An element may also be rotated about either of its other axes. For example, this shows rotation around the Y (vertical) axis:
<syntaxhighlight lang="xml">
<ab style="transform:rotateY(-45deg)">TEI-C.ORG</ab>
</syntaxhighlight>
These are obviously trivial examples, but similar features do appear in historical texts. George Herbert's The Temple includes two stanzas headed "Easter Wings" which are both printed in a rotated form:
This could be encoded with:
<syntaxhighlight lang="xml">
<lg style="transform:rotateX(90deg)"> <l>My tender age in ſorrow did beginne:</l> <l>And ſtill with ſickneſſes and ſhame</l> </lg>
</syntaxhighlight>
but we might also argue that this is in fact a vertical writing mode, and express it with writing-mode: vertical-rl; text-orientation: sideways-right
.
Boustrophedon
We may also use rotation as a method of handling a true writing mode which is not covered by the CSS Writing Modes: boustrophedon. This is a writing mode common in inscriptions in Latin, Greek and other languages, in which alternate lines run from left to right and from right to left; its name derives from the path of an ox pulling a plough. Right-to-left lines in boustrophedon have another unexpected feature: their glyphs are reversed, so that these lines appear as "mirror writing". This examples shows a transcription of a Greek inscription at Dodona:

This might be transcribed as follows (ignoring word boundaries for the moment):
<syntaxhighlight lang="xml">
<ab> ΗΕΡΜΟΝΤΙΝΑ <lb/> <seg style="rotateY(180deg)">ΚΑΘΕΟΝΠΟΤΘΕΜ</seg> <lb/> ΕΝΟΣΥΕΝΕΑϜ <lb/> <seg style="rotateY(180deg)">ΟΙΥΕΝΟΙΤΙΕΚΚ</seg> <lb/> ΡΕΤΑΙΑΣΟΝΑ <lb/> <seg style="rotateY(180deg)">ΣΙΜΟΣΟΤΤΑΙΕ</seg> <lb/> ΑΣΣΑΙ </ab>
</syntaxhighlight>
The 180-degree rotation around the Y (vertical) axis here gives us exactly the effect of the RTL line in boustrophedon; the order of glyphs is reversed, and so is their individual orientation (in fact, we see them "from the back", as it were). <seg>
elements have been used here because these are clearly not "lines" in the sense of poetic lines; the text is continuous prose, and linebreaks are incidental.

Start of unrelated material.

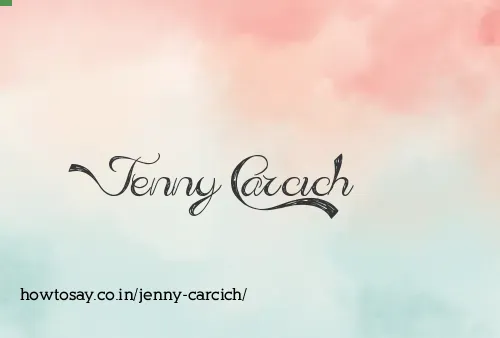 Jenny Carcich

There are obviously some unsatisfactory aspects of this manner of encoding boustrophedon. In the inscription above, some words run across linebreaks, so if we wished to tag both words and the right-to-left phenomena, one hierarchy would have to be privileged over the other. By using a transform function rather than a writing mode property, we are apparently suggesting that boustrophedon is not in fact a writing mode, whereas it clearly is. But the CSS Writing Modes specification does not provide support for boustrophedon, because it is a rather obscure historical phenomenon; using a rotational transform is one practical alternative.
Caveats
The effect and behaviour of CSS Transforms properties and values according to the specification is highly dependent on the computed Visual formatting model of an HTML document. TEI does not have an explicit processing or formatting model, so it is by no means clear whether any given TEI element should be interpreted, for instance, as a block-level or inline-level element. For many elements we may think we can assume block-level (<ab>
, "anonymous block") or inline-level (<w>
, "word") from the semantics, but even this is risky. As long as the properties and values from the CSS Transforms module are used as a convenient, well-specified descriptive language to capture features of a text, without any expectation of using them directly and reliably for rendering, this is not problematic; we are simply borrowing a useful vocabulary from an external source, and benefiting from the clarity of definition provided by the specification. However, if there is any expectation of using this information to render a text in a predictable and accurate way, it will be essential to provide enough styling information throughout the document hierarchy to resolve all ambiguities with regard to size, positioning, block status, etc. before any element undergoes a transform operation.